藤井は大蔵省出身であり、消費税導入・福祉目的化を理念とする。また熱狂後の負の遺産を懸念。
お勧め度:☆☆(大著)
キーワード:熱狂、田中角栄、消費税、大蔵省、秘書官、変動相場制、ハイパーインフレ、資源外交、日本列島改造、三木武夫、福田赳夫、竹下登、社会福祉、大平正芳、中曽根康弘、増税なき財政再建/行政改革、売上税、プラザ合意、バブル経済、リクルート事件、政治改革、小沢一郎、非自民連立政権、福祉目的化、国民福祉税、新進党、自由党、自自連立政権、民由合併、民主党、政権交代、小選挙区制度、金融緩和、集団的自衛権、戦争責任
○はじめに
・70年代は田中角栄が「今太閤」ともてはやされた熱狂の時代。その後物心均衡の時代に入り、田中政治は金脈問題を批判され、消費税が置き土産となった。
○角福戦争
・1955著者は年東大法学部卒業後、大蔵省に入省。当時の省是は「財政健全化、適正な低金利、公平な税制」であり、また「政治に興味を持つな」が方針であった。71年佐藤内閣の竹下官房長官の秘書官として政治に身を置く。

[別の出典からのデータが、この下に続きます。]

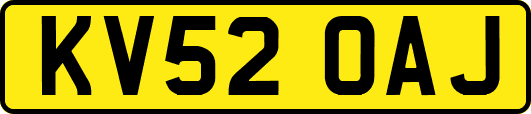 KV52OAJ
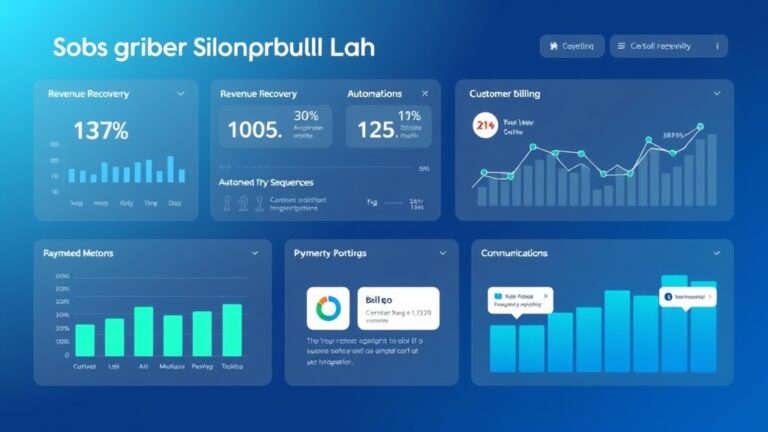 The Complete Guide to Subscription Billing and Revenue Recovery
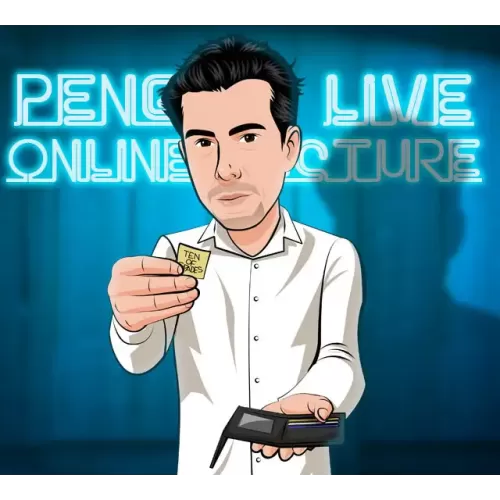 Adam Elbaum Penguin Live Online Lecture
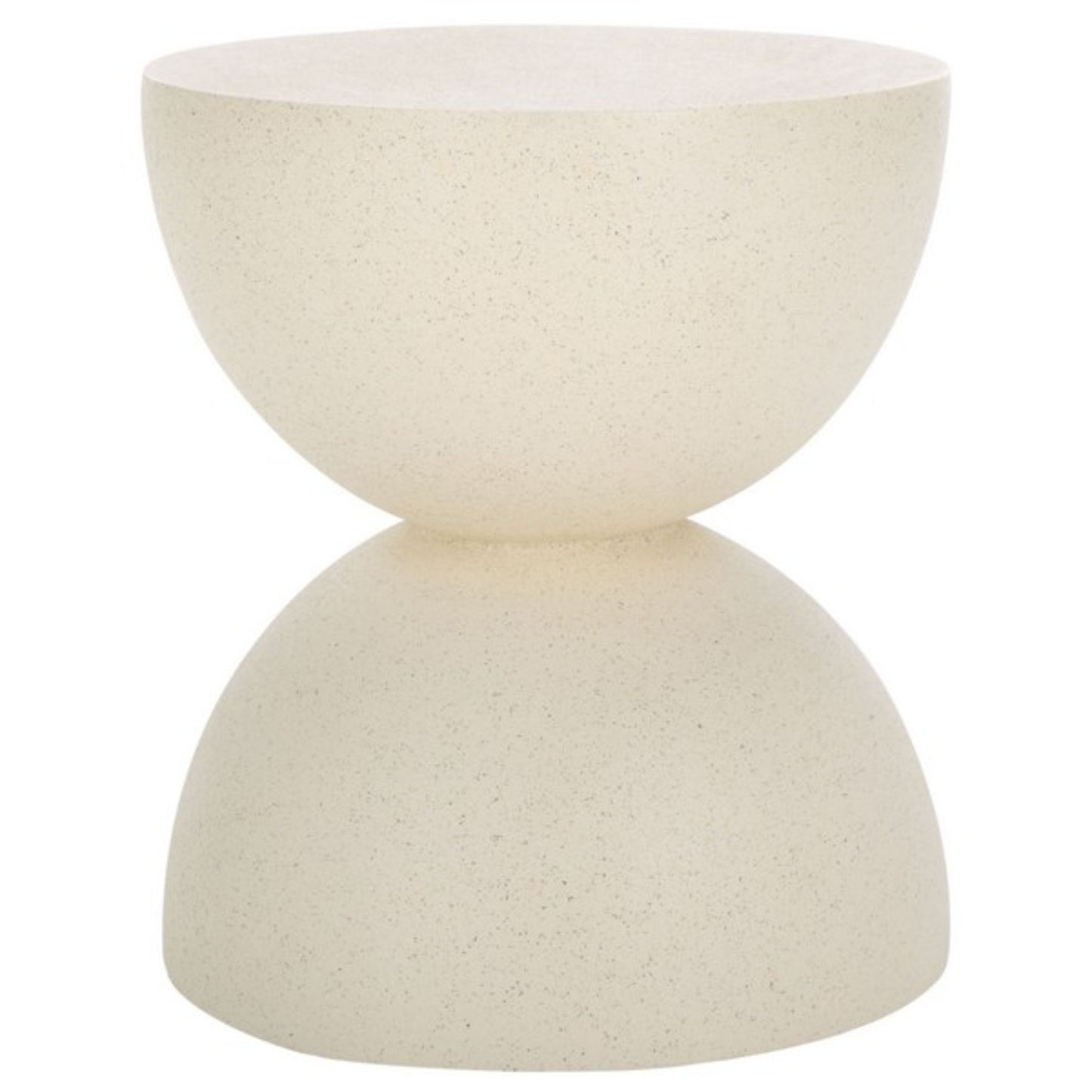 Austyn Hourglass White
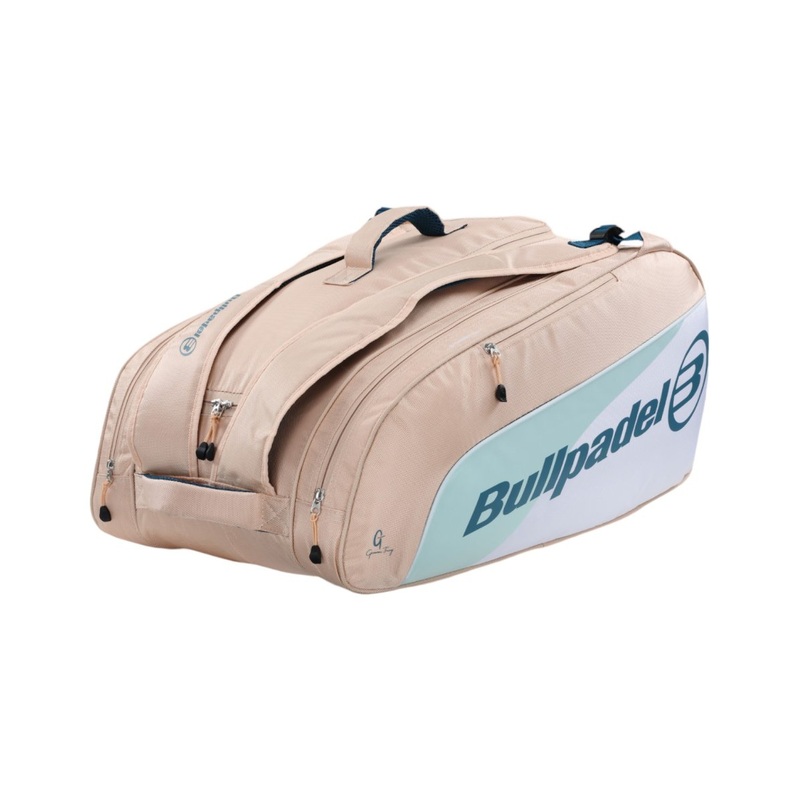 BULLPADEL  ELITE Pink 2025 GEMMA TRIAY BAG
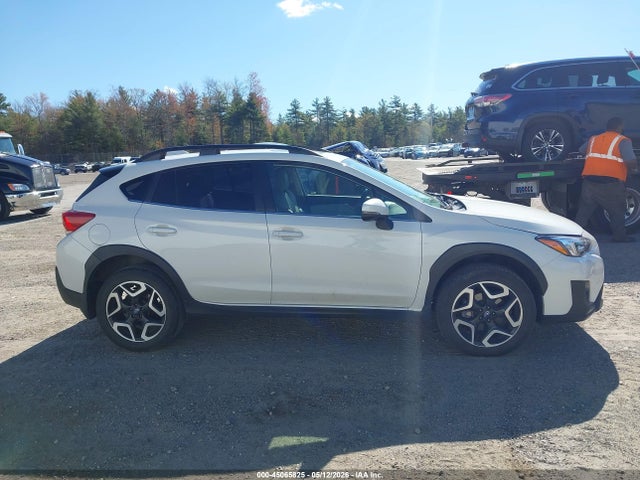 2019 Subaru Crosstrek 2.0i Limited მანქანა იყიდება აუქციონზე, vin: JF2GTANCXK8251225, აუქციონის ნომერი: 45065825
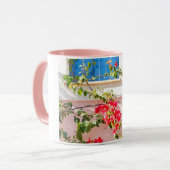 Mug collection de voyage. La Grèce. Kefalonia (Devant gauche)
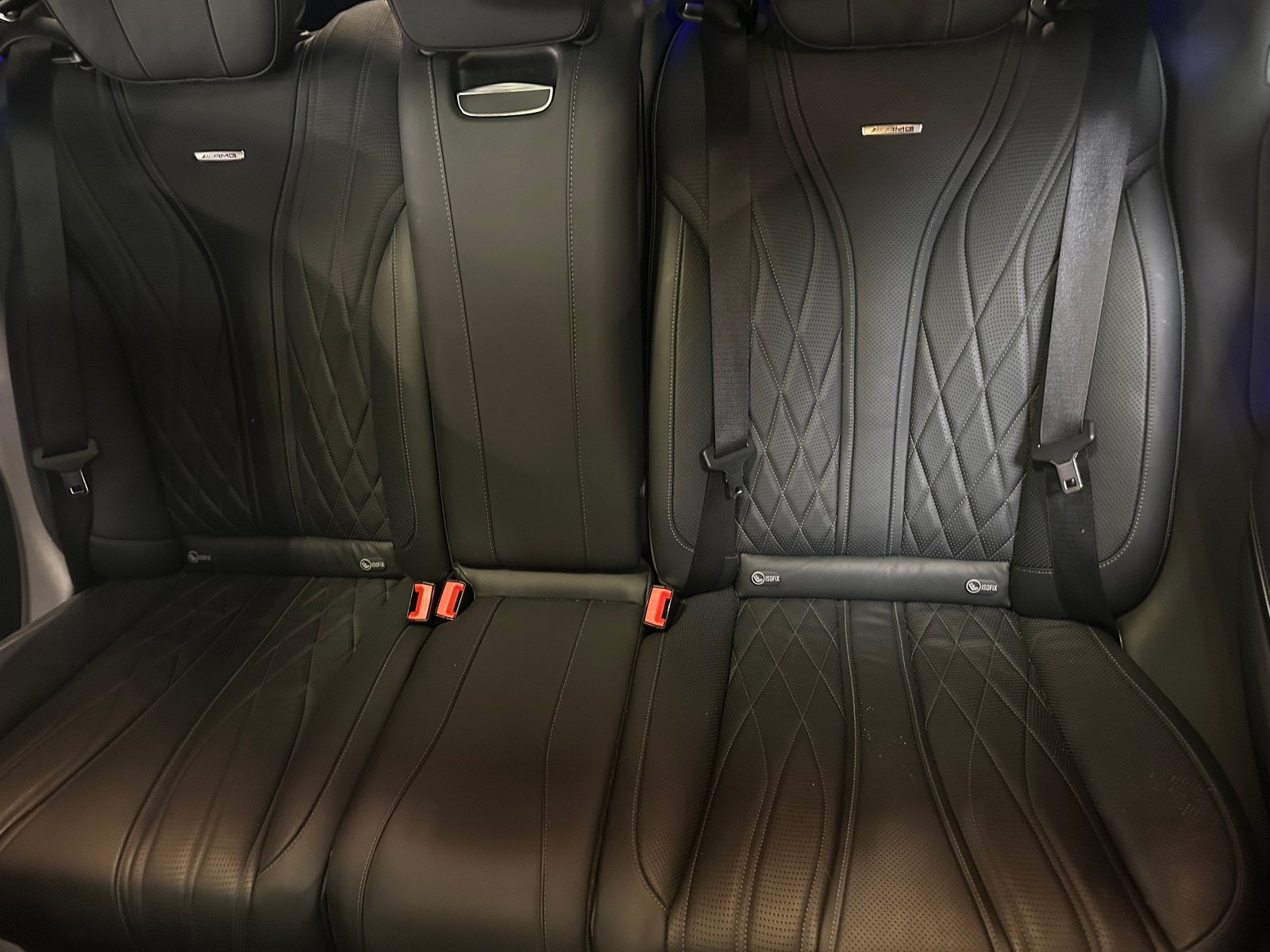 Thumbnail: 2015 Mercedes-Benz S-Class - 5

・72年7月田中角栄は総裁選で佐藤前首相が押す福田赳夫に勝利し首相に。著者は引き続き二階堂官房長官の秘書官になる。62年田中は大蔵大臣になるが、役人に仕事しやすい環境を作るタイプであった。田中の冠婚葬祭の包みは佐藤の3倍であった。田中は官僚の前例踏襲・無責任体質・セクショナリズム・上から目線を嫌った。田中は『日本列島改造論』にあるように新幹線整備・高速道路建設と公共事業に予算をつぎ込んだ。田中には新潟の雪、群馬のからっ風を防ぐため「谷川岳をぶっ潰す」の発言もあった。73年に入ると物価が高騰、10月第4次中東戦争によるオイル・ショックでインフレはさらに加速。田中政治は「昭和元禄のシッポ」(高度成長のシッポ)であった。
・一方福田は戦前の主計官の経験から均衡財政・インフレ抑制・安定成長を路線とした。
・71年ニクソン大統領はベトナム戦争による財政赤字、国際収支悪化から金兌換を停止(ブレトンウッズ体制→スミソニアン体制)。73年さらに変動相場制に移行し円高に。73年物価上昇率は11.7%になり、総需要抑制・金融引締めに転換。公定歩合を4.25%から9%に上げる(消費は美徳から節約は美徳に)。それなのに74年予算で2兆円の減税を行いハイパーインフレに(物価上昇率は24.5%)。
・田中政治は「日本列島改造」「日中国交回復」が象徴的だが、「資源外交」にも努める。73年オイル・ショック時、米国に反しイスラエルの武力による占領を批判し、石油供給を維持した。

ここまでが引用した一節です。